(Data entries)
▽

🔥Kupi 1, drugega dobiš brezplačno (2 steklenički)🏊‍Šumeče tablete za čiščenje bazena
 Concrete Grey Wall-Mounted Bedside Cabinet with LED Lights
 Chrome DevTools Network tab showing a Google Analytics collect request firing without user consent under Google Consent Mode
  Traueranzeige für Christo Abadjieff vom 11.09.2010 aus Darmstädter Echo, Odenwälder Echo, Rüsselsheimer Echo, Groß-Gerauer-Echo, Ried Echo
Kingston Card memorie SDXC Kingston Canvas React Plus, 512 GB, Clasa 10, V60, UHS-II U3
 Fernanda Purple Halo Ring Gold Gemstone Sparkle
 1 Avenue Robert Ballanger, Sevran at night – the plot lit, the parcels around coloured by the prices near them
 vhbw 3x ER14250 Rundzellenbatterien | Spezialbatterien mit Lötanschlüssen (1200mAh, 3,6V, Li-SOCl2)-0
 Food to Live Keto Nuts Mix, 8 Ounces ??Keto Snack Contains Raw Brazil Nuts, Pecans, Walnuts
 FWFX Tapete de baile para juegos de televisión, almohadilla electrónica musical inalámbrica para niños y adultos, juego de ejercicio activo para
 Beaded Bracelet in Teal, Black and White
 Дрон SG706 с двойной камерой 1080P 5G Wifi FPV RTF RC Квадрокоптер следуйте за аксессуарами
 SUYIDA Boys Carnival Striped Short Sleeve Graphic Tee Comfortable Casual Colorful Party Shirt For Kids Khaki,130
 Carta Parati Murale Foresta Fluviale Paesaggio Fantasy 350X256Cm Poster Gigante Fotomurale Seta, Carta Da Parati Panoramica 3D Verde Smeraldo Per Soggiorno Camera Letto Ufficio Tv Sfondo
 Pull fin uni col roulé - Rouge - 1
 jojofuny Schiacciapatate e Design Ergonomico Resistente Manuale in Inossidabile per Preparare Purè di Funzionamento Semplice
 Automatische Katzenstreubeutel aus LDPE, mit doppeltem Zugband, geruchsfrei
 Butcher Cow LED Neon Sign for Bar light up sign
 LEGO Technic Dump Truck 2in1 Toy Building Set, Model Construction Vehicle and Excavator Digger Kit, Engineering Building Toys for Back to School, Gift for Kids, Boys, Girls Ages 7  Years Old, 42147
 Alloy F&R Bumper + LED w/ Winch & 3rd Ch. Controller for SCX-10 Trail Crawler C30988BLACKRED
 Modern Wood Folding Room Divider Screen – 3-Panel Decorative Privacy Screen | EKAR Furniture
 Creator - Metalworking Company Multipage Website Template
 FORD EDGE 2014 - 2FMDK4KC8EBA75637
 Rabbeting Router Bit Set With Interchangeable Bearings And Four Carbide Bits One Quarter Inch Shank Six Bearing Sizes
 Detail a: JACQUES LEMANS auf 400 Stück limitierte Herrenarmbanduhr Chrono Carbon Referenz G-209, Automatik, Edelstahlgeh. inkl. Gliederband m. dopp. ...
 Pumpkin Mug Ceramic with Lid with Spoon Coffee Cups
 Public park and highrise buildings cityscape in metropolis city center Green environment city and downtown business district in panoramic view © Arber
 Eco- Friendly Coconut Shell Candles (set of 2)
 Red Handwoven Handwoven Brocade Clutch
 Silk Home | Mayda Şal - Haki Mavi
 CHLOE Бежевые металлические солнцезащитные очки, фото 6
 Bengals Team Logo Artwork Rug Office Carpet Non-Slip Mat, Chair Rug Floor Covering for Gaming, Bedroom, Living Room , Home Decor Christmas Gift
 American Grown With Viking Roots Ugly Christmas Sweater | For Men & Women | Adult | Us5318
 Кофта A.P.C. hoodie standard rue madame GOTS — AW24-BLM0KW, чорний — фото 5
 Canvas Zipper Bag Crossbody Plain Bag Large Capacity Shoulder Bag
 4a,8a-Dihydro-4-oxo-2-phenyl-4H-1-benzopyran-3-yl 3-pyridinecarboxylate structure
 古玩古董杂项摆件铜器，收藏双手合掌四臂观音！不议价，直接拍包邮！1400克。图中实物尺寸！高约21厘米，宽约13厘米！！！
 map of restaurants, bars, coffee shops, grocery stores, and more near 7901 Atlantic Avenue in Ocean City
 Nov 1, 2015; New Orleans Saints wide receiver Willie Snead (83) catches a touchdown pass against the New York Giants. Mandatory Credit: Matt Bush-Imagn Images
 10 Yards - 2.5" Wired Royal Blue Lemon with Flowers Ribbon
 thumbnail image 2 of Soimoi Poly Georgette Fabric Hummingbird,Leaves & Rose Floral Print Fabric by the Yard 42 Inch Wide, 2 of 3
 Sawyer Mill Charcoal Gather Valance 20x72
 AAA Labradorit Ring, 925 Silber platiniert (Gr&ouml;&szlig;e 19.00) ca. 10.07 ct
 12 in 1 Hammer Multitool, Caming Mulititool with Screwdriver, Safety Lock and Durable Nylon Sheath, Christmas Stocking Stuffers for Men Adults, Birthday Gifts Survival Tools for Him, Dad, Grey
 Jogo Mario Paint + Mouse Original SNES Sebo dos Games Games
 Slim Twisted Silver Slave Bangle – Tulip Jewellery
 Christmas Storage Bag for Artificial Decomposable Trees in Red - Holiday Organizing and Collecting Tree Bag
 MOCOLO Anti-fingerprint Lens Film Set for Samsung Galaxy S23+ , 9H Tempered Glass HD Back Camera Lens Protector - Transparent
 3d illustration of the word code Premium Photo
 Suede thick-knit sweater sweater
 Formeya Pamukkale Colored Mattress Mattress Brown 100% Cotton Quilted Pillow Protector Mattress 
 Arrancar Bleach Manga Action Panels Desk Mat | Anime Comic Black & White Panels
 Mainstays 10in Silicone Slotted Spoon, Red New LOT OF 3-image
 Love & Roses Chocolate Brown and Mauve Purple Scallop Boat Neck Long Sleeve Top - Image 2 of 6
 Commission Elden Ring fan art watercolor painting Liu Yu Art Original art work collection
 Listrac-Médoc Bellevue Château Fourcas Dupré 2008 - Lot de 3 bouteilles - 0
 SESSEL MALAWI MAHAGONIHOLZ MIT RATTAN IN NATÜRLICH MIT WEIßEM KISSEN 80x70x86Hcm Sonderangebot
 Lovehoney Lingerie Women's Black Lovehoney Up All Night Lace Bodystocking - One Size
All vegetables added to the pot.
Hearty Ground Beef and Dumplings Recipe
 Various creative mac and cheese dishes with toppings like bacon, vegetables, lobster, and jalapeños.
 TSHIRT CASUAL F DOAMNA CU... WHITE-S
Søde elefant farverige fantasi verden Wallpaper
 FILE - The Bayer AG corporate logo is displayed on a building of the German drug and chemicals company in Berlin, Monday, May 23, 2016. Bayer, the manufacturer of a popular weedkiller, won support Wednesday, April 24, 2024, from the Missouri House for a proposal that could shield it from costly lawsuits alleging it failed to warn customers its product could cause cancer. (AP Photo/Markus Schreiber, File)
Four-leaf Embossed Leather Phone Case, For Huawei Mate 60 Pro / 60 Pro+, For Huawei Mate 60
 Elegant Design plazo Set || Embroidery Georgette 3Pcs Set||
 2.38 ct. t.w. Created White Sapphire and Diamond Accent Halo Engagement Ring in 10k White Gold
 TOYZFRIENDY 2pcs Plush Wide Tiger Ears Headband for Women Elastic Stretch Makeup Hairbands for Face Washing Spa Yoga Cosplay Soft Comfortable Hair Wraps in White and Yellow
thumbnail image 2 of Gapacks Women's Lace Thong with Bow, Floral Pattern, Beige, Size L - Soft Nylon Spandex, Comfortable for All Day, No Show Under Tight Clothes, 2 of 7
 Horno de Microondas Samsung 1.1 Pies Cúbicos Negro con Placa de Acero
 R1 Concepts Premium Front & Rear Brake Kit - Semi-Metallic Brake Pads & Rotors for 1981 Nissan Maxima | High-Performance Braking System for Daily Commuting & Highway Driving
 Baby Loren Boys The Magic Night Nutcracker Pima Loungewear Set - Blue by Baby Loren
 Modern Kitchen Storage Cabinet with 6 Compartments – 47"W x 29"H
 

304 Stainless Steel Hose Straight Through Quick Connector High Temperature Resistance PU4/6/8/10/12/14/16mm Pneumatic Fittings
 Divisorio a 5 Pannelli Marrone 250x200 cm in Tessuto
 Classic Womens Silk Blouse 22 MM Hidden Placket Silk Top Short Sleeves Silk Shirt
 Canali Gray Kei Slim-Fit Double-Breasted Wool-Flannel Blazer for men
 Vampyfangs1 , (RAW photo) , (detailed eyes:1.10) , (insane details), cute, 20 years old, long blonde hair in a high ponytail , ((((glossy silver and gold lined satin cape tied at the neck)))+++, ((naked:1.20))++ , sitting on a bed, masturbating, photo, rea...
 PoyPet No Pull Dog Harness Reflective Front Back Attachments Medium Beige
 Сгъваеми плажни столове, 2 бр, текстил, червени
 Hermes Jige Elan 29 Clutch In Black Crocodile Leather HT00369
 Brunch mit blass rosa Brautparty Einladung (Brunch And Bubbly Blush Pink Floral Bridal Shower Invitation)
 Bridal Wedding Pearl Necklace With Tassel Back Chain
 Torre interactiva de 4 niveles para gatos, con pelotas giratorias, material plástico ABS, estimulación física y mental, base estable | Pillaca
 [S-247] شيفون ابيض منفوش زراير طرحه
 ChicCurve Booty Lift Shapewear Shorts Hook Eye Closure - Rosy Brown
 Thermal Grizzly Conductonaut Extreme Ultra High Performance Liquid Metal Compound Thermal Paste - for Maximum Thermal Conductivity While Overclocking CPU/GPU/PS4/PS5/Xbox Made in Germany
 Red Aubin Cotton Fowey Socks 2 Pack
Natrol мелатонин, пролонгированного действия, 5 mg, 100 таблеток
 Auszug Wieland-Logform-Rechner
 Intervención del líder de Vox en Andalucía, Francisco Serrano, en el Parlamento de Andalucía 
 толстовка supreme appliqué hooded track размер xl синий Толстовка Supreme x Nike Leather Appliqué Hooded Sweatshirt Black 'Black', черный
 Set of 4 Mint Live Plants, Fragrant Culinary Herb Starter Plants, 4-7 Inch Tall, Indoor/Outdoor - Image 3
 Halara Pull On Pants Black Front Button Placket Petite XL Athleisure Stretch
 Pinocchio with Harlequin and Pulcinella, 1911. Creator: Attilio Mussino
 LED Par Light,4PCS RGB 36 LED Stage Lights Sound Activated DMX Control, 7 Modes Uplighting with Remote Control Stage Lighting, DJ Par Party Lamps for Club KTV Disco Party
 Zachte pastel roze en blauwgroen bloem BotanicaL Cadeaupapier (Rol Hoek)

△

* [Assignment]
Nothing but an exact copy of the lines from the start of the entries through the line containing "Food to Live" belongs in the response.

* [Answer to this task]
🔥Kupi 1, drugega dobiš brezplačno (2 steklenički)🏊‍Šumeče tablete za čiščenje bazena
 Concrete Grey Wall-Mounted Bedside Cabinet with LED Lights
 Chrome DevTools Network tab showing a Google Analytics collect request firing without user consent under Google Consent Mode
  Traueranzeige für Christo Abadjieff vom 11.09.2010 aus Darmstädter Echo, Odenwälder Echo, Rüsselsheimer Echo, Groß-Gerauer-Echo, Ried Echo
Kingston Card memorie SDXC Kingston Canvas React Plus, 512 GB, Clasa 10, V60, UHS-II U3
 Fernanda Purple Halo Ring Gold Gemstone Sparkle
 1 Avenue Robert Ballanger, Sevran at night – the plot lit, the parcels around coloured by the prices near them
 vhbw 3x ER14250 Rundzellenbatterien | Spezialbatterien mit Lötanschlüssen (1200mAh, 3,6V, Li-SOCl2)-0
 Food to Live Keto Nuts Mix, 8 Ounces ??Keto Snack Contains Raw Brazil Nuts, Pecans, Walnuts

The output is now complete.